Nina Simone gibt sich radikaler, voll schöpferischer Wut, die jedoch vor Vernichtung nicht zurückschreckt. Sie kommt wie eine Naturgewalt über das Publikum, um mit den Worten des Dichters, Musikers und Rap-Pioniers David Nelson (The Last Poets) zu fragen: „Seid ihr bereit, Dinge zu zerschmettern und Gebäude niederzubrennen?“

Ein weiteres Kunststück, das hier gelingt, ist nicht nur, die berechtigte Wut einer diskriminierten Minderheit mit einer allumfassenden Musik und Bildern zu verbinden, die jedem, der „Soul“ hat, nach wenigen Takten die Herzmuskelfasern zurechtzupft, sondern en passant den Größenwahn der neuen weißen, spielzeugraketenreitenden Cowboys unserer Ära zu kommentieren: Die Mondlandung am 20. Juli 1969 wird auf einmalige Weise mit dem Song der Staple Singers „It’s been a Change“ zusammengeschnitten.

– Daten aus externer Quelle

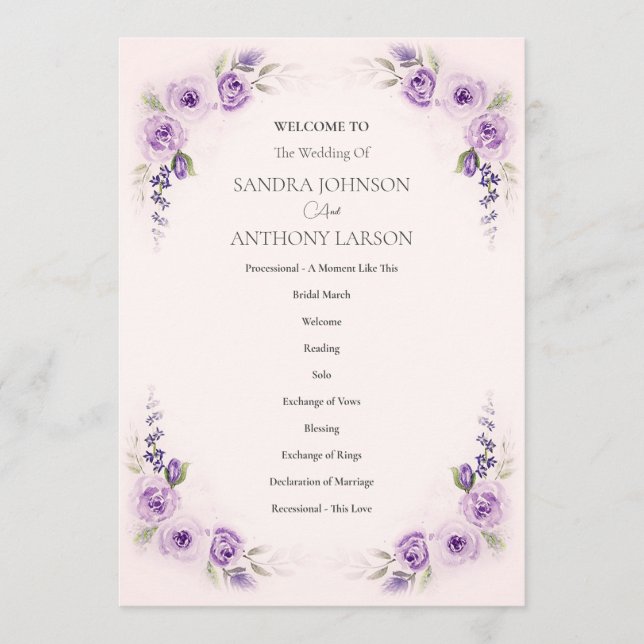 Lavande et Blush Rose Wedding Programme (Devant)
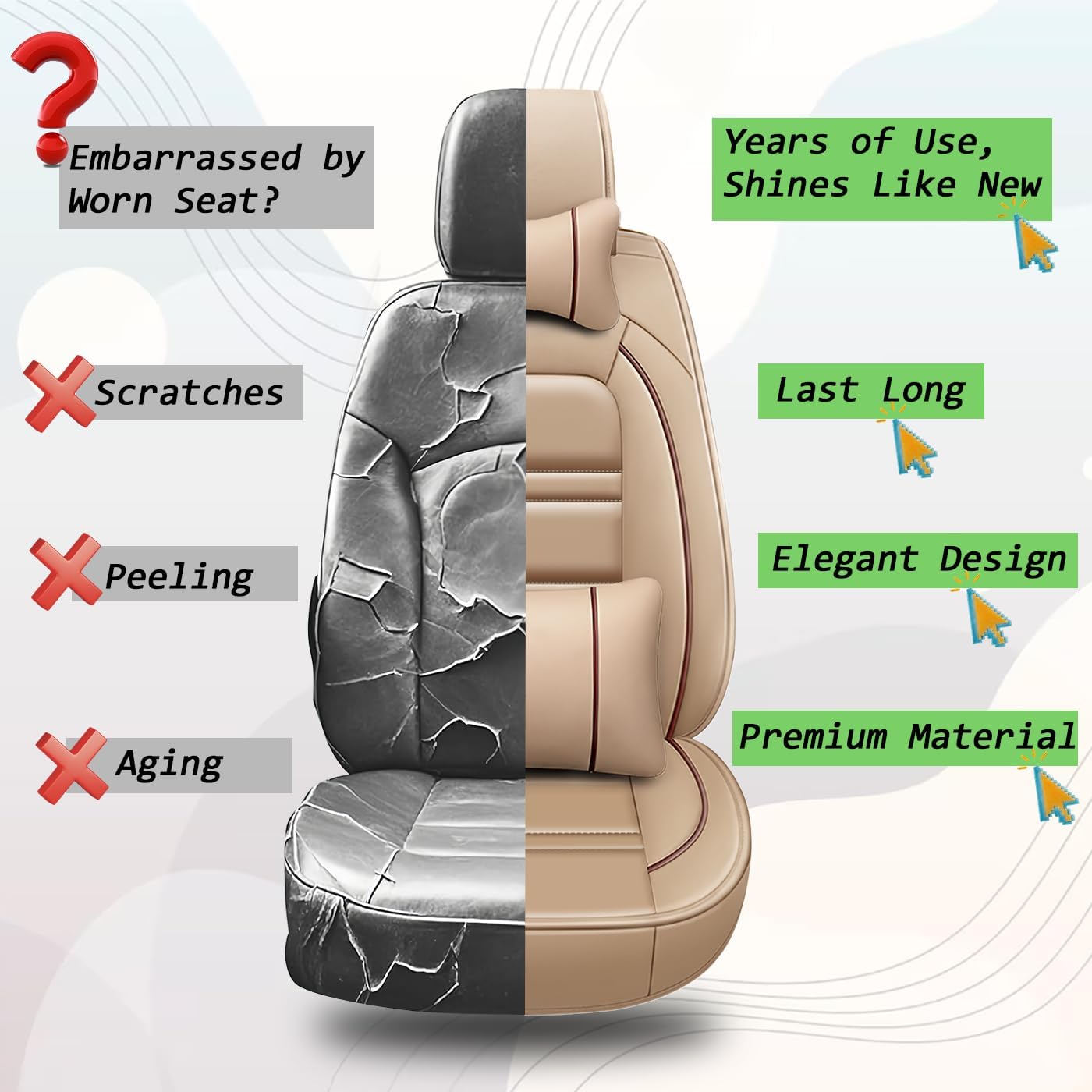 Car Seat Covers for Audi A3 2006-2025 | 5-Seats Seat Covers, Waterproof Seat Protectors, Automotive Seat Covers (Full Set with Pillow,Beige)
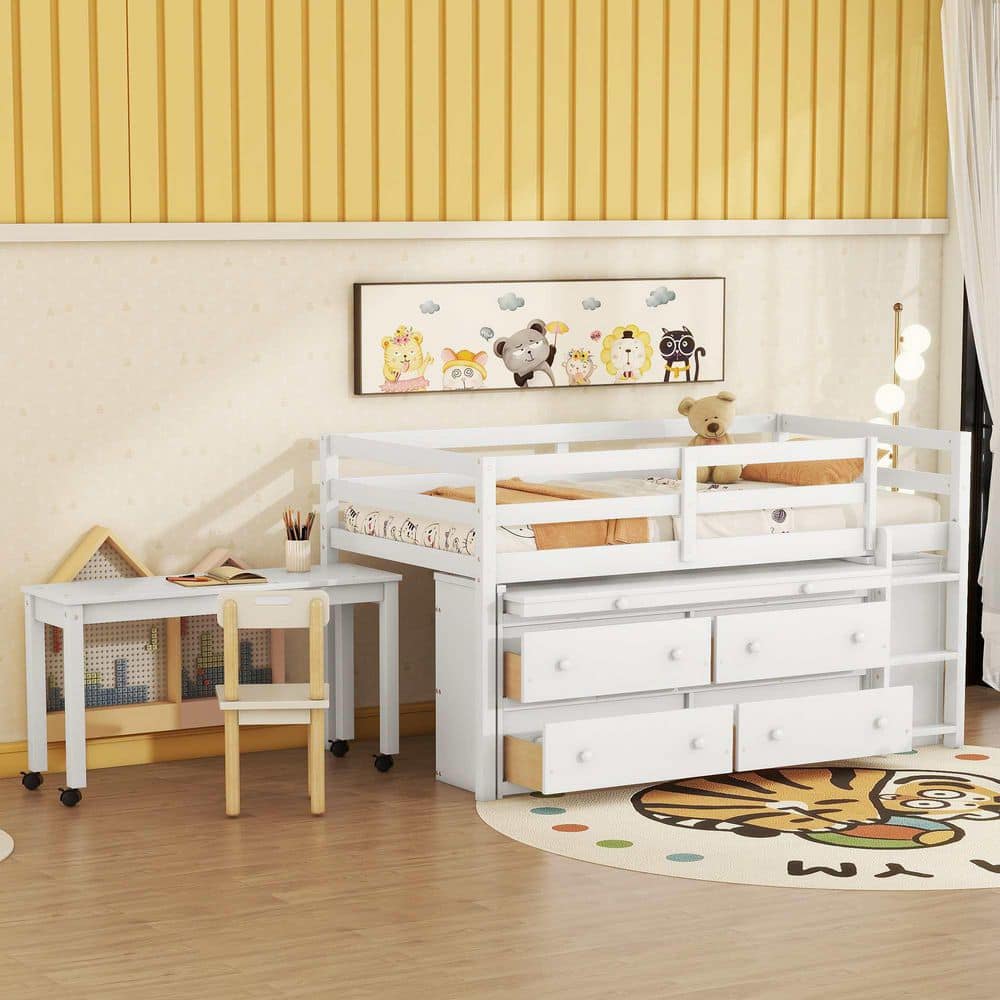 White Twin Size Wood Loft Bed with Retractable Writing Desk and 4-Drawers, Lateral Portable Desk and Shelves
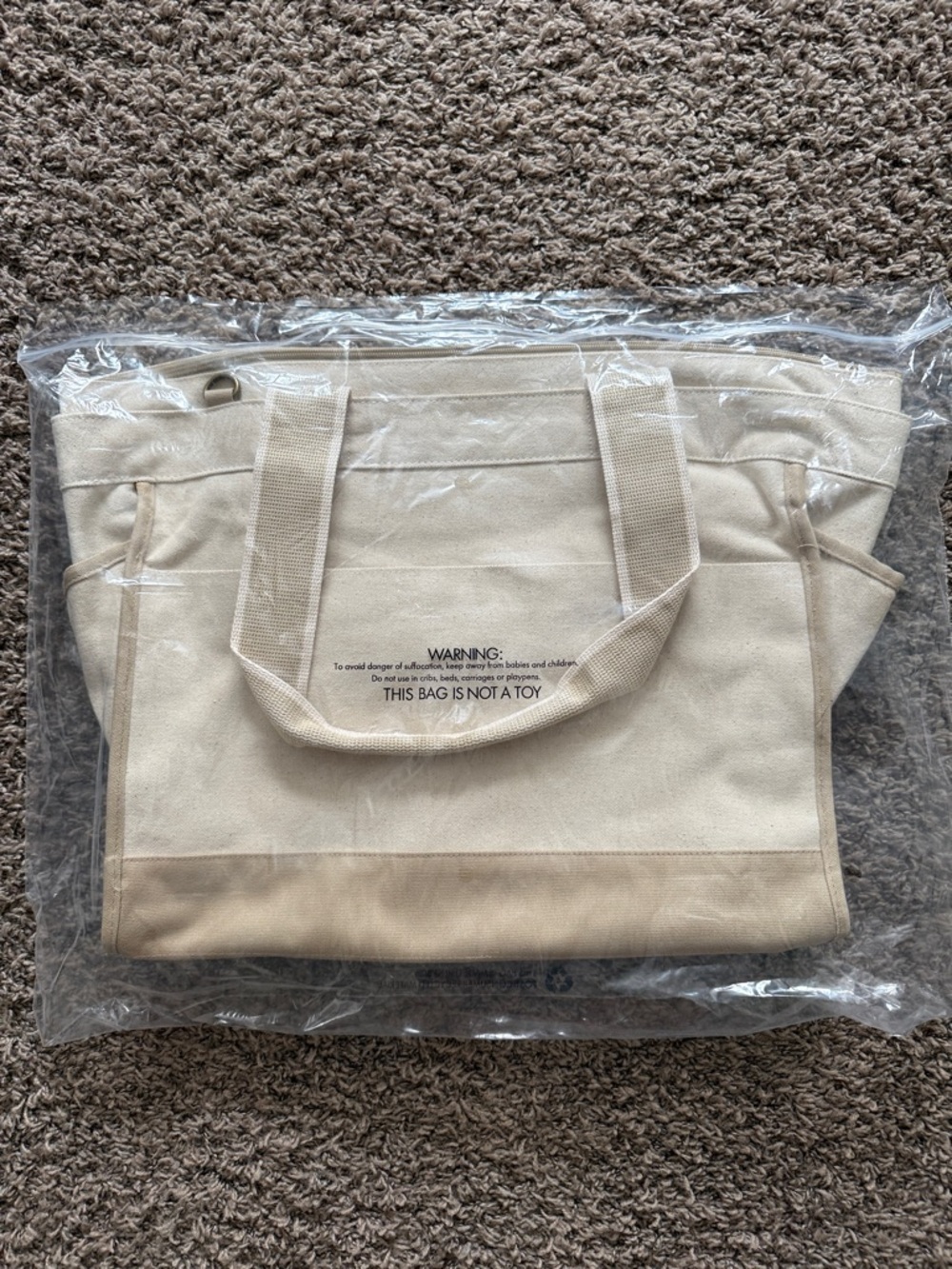 thirty-one Beige Canvas Carryall Tote with Black Logo - Picture 4 of 5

Zur Mondlandung befragt, erklärt ein Besucher völlig desinteressiert: „Vergiss den Mond! Lass uns den Zaster (das Geld für die Kosten des Raumfahrtprogramms) an ein paar arme Seelen aus Harlem verteilen.“ Als wüsste er bereits, dass fünfzig Jahre später ein Exzentriker wie Jeff Bezos sein Geld in den Himmel bläst, um sich einen Traum zu erfüllen.

Mit „Summer of Soul“ gelingt also das, was Poesie in ihren stärksten Momenten zu leisten vermag: Ein Durcheinander aus komplexen Sachverhalten zu einem Schlüsselmoment zu verdichten, der neue Realitäten aufschließt. Der Film endet mit den Worten Musa Jacksons: „How beautiful it was“. Fast wie bei einer interessanten CD, lohnt es sich jedoch, den Abspann noch etwas laufen zu lassen.

Summer of Soul läuft bei Disney+.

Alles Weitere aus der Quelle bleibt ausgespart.